== Segment start ==

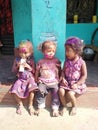 Indian baby talking each other in holi festival .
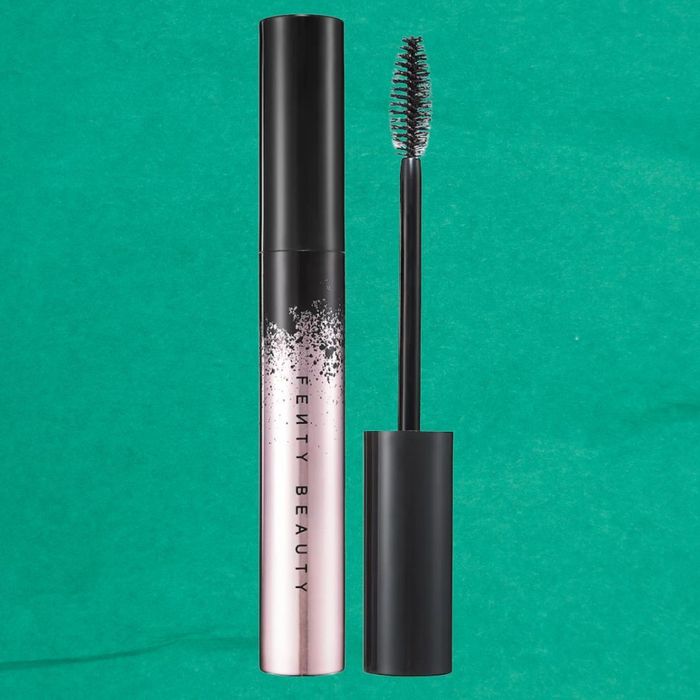 Fenty Beauty mascara with the cap removed, showing the wand applicator next to the tube.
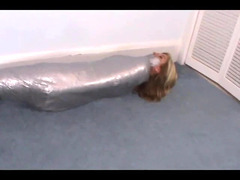 Girl wrapped in duct tape like a mummy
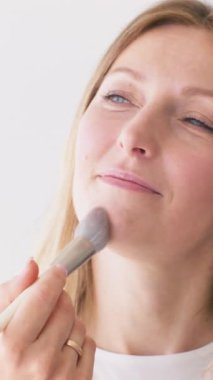 Dikey video. Günlük makyaj malzemesi. Dekoratif kozmetik. Kozmetik fırça kullanan tatmin olmuş kadın beyaz tenli kadın yüzüne yüz sürüyor..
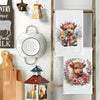 A set of two cute Highland cow kitchen towels featuring floral designs displayed on a wooden rack.
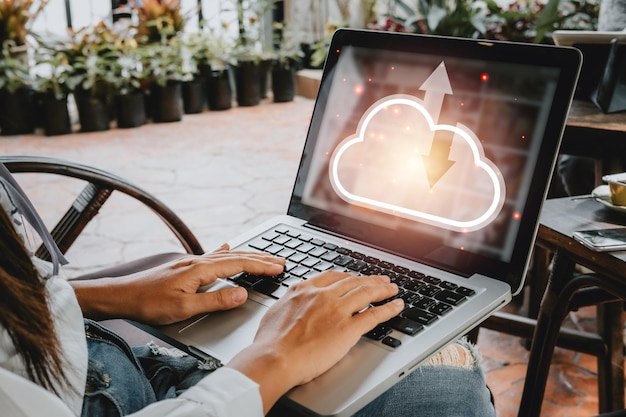 Woman hand using laptop computer with cloud computing icon Cloud computing concept Backup Storage Data Internet networking and digital Share global technology conceptx9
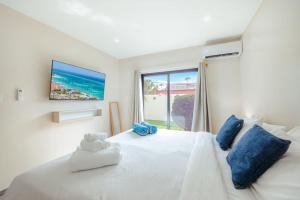 a bedroom with a white bed with blue pillows and a window at Palm Beach Sea La Vie Suites in Palm-Eagle Beach +179 photos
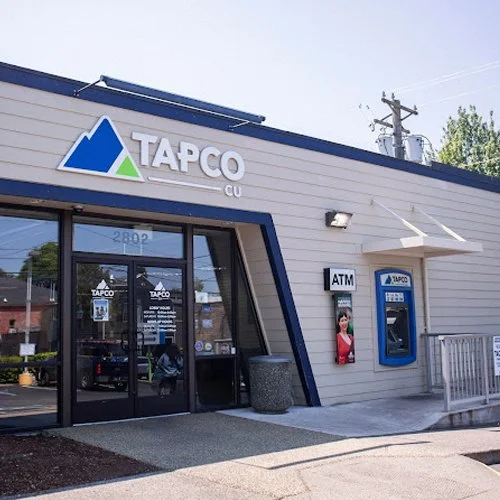 Exterior view of a TAPCO CU credit union branch with an ATM and a storefront with glass doors.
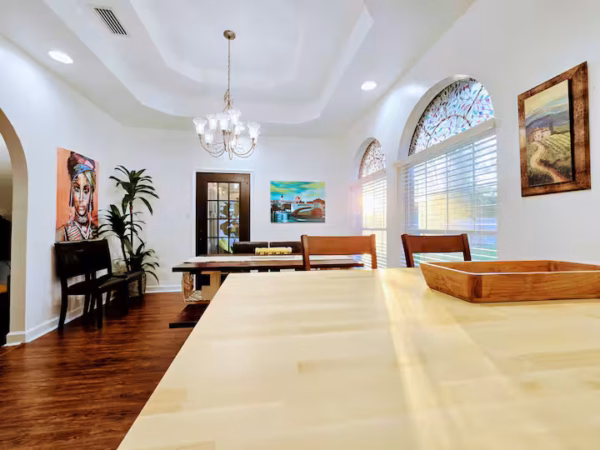 A view from a light wood kitchen island countertop looking across into an open-concept dining area featuring a dark wooden dining table, a traditional chandelier suspended from a tray ceiling, arched windows, and colorful artwork on the white walls.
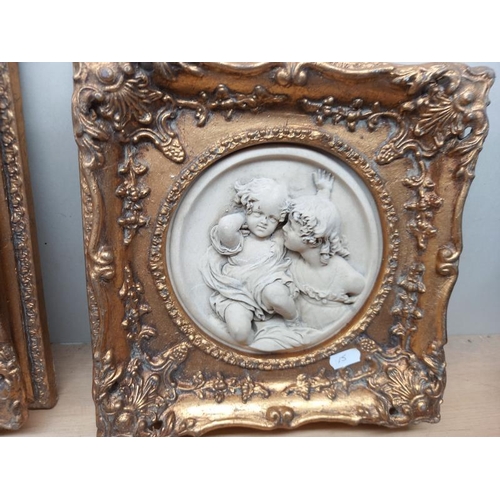 20 - 2 gilt framed classical resin plaques of children (28cm x 28cm)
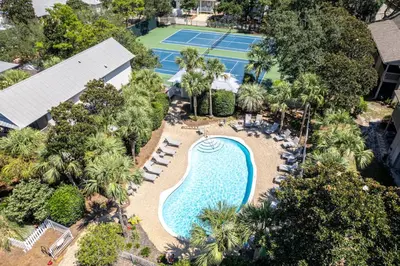 an overhead view of a pool and tennis courts at Somewhere in the Sun in Santa Rosa Beach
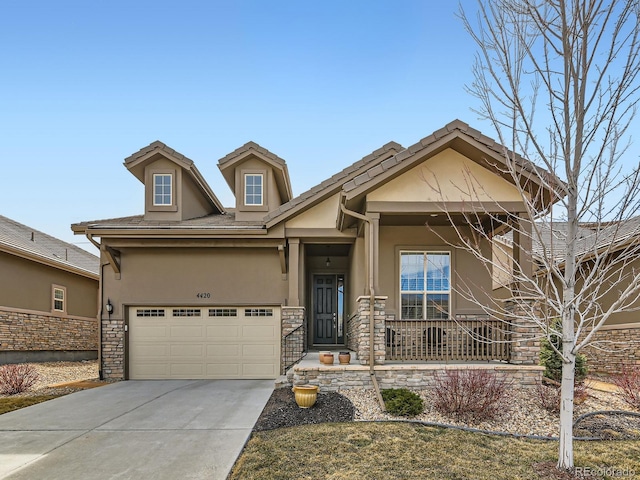 craftsman inspired home featuring driveway, a porch, an attached garage, stucco siding, and stone siding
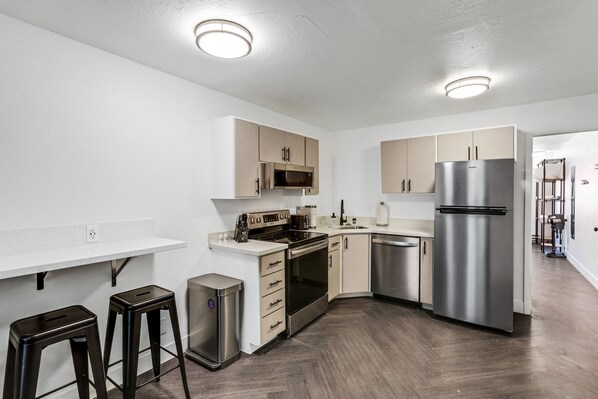 A modern kitchen with white walls, wooden cabinets, stainless steel appliances, and a herringbone wood floor. - Beautiful Ski-in/ski-out Condo Located On The Eagle Point Resort! 1 Bedroom Condo by RedAwning (Beaver)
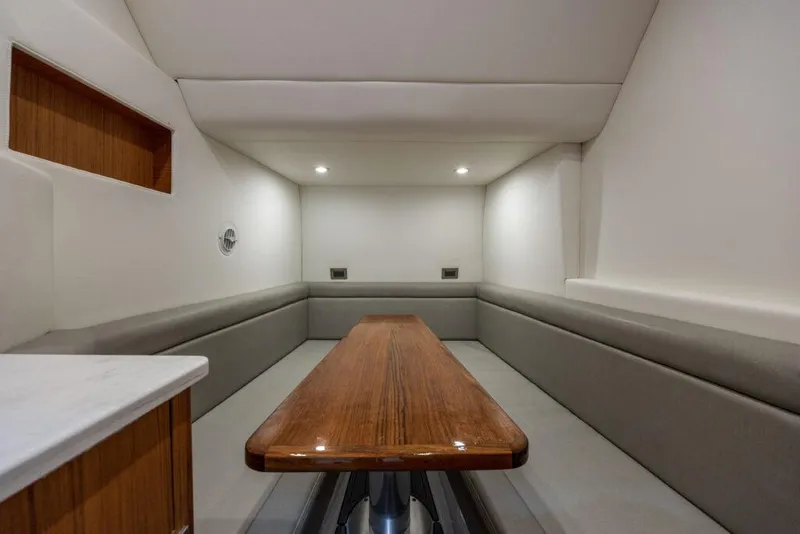 Slide: The Image of Interior of 2023 Front Runner 47 yacht with modern kitchen and seating area. - 25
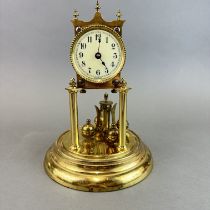 A torsion gilt brass clock under dome, H. 28cm.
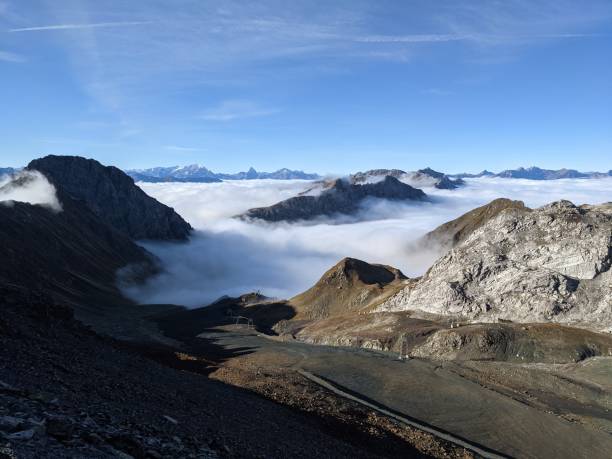 青い空の霧の海の上のパーセnnワイスフルヨッホからの早朝の眺め、スイスアルプスでのハイキングに良い一日 - weissfluhjoch ストックフォトと画像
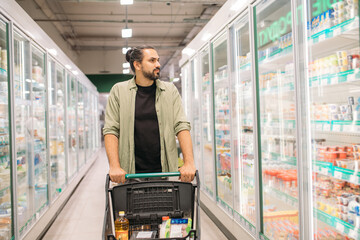 A young man is shopping at the supermarket. A guy walks with a cart between refrigerators with dairy products in a large store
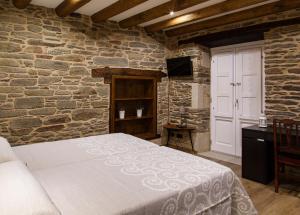1 dormitorio con cama y pared de piedra en Casa Baran, en Sarria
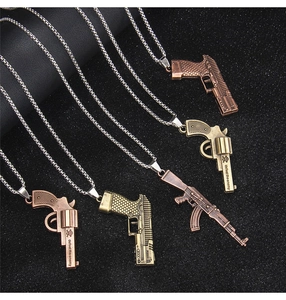 Detailed macro view of vintage bronze pistol pendants with engraved defeat the enemy text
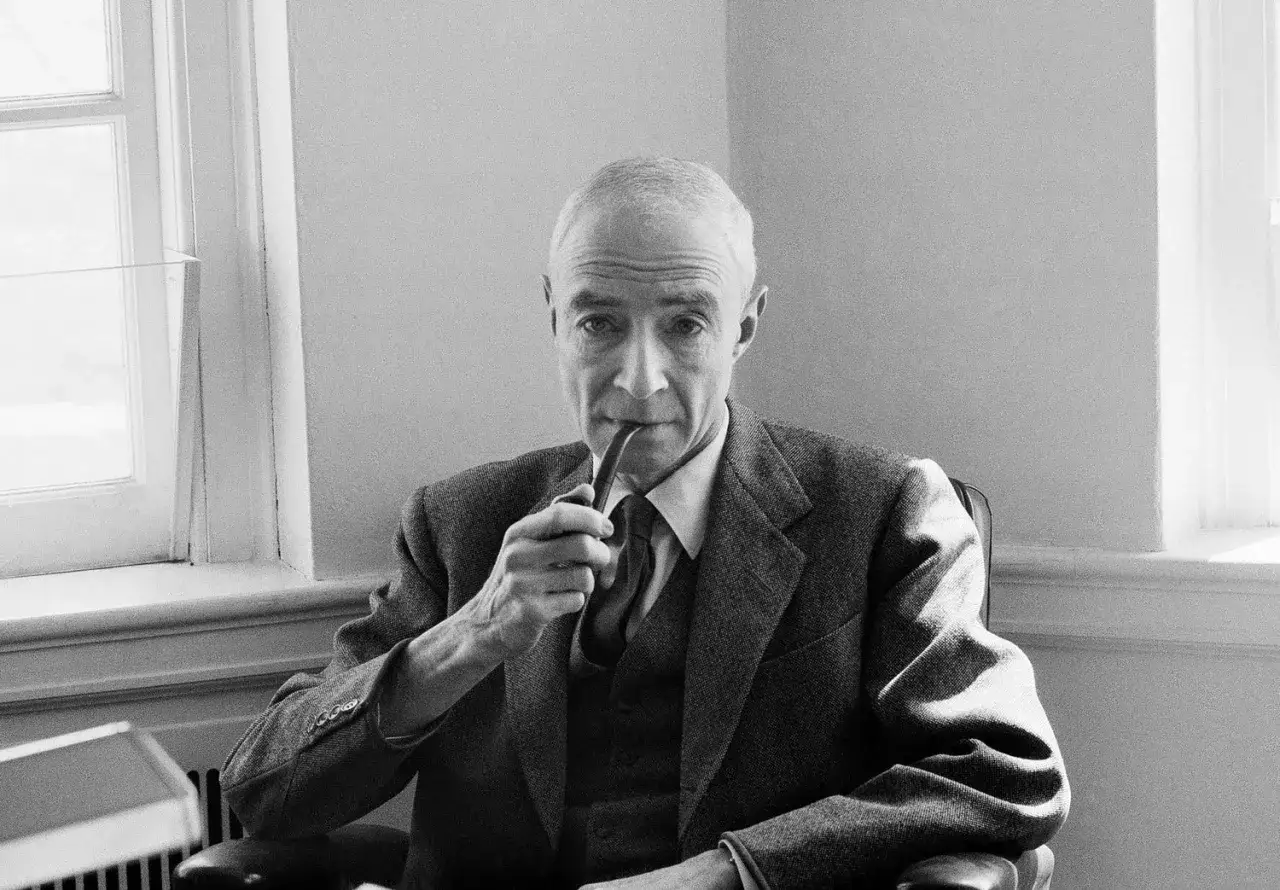 Robert Oppenheimer, le père de la bombe atomique, fume sa pipe, pensif, devant une fenêtre.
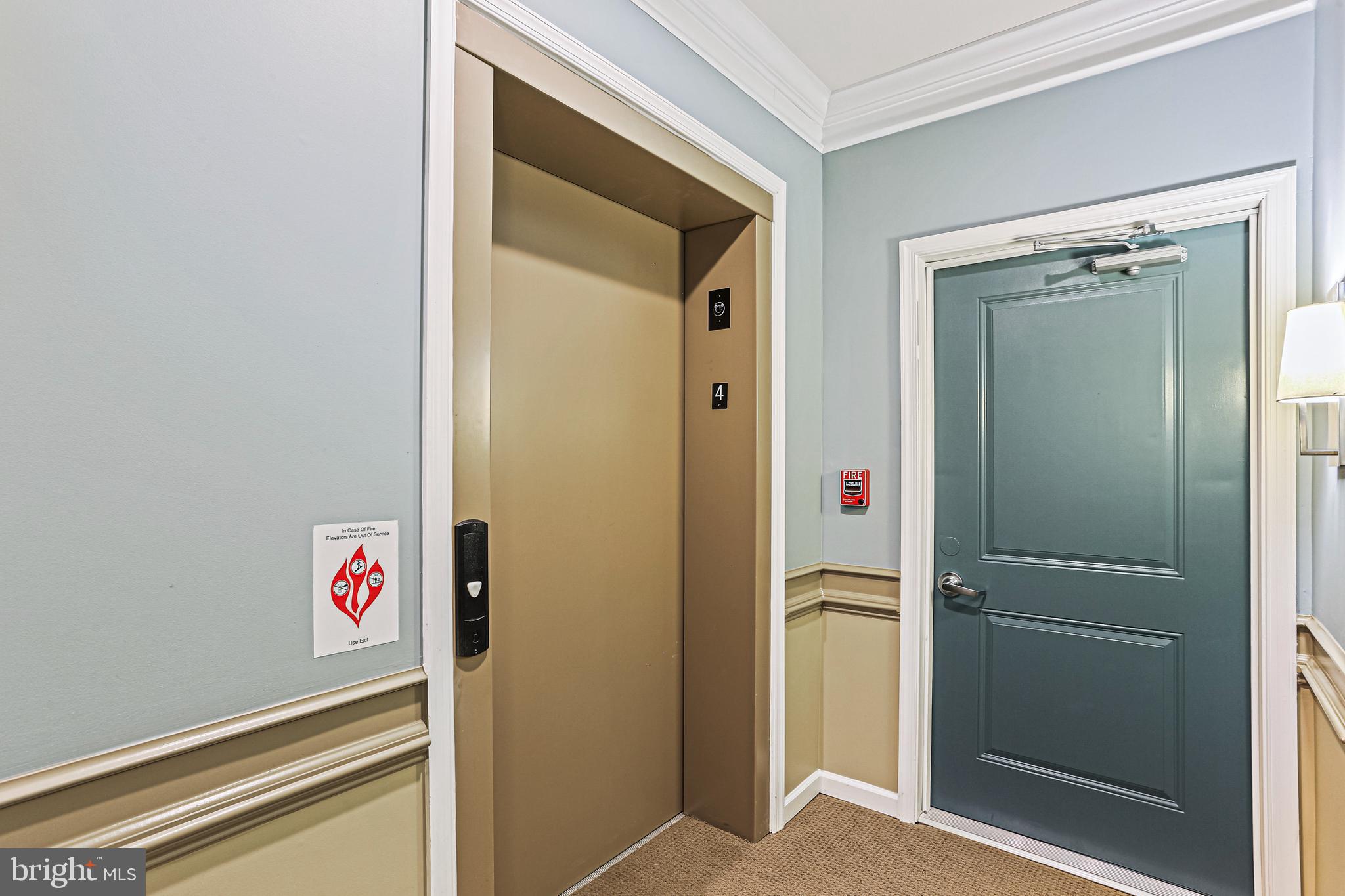 8420 Ice Crystal Drive, Unit P Laurel, MD 20723 - Photo 4 of 32 4thfloor elevator landing - steps away from unit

== Segment end ==

THE TASK:
There should be an exact restatement of the lines from the line with "A modern kitchen" through the last line of the entries above, and no pictures in it.

WORKED SOLUTION:
 A modern kitchen with white walls, wooden cabinets, stainless steel appliances, and a herringbone wood floor. - Beautiful Ski-in/ski-out Condo Located On The Eagle Point Resort! 1 Bedroom Condo by RedAwning (Beaver)
 Slide: The Image of Interior of 2023 Front Runner 47 yacht with modern kitchen and seating area. - 25
 A torsion gilt brass clock under dome, H. 28cm.
 青い空の霧の海の上のパーセnnワイスフルヨッホからの早朝の眺め、スイスアルプスでのハイキングに良い一日 - weissfluhjoch ストックフォトと画像
 A young man is shopping at the supermarket. A guy walks with a cart between refrigerators with dairy products in a large store
1 dormitorio con cama y pared de piedra en Casa Baran, en Sarria
 Detailed macro view of vintage bronze pistol pendants with engraved defeat the enemy text
 Robert Oppenheimer, le père de la bombe atomique, fume sa pipe, pensif, devant une fenêtre.
 8420 Ice Crystal Drive, Unit P Laurel, MD 20723 - Photo 4 of 32 4thfloor elevator landing - steps away from unit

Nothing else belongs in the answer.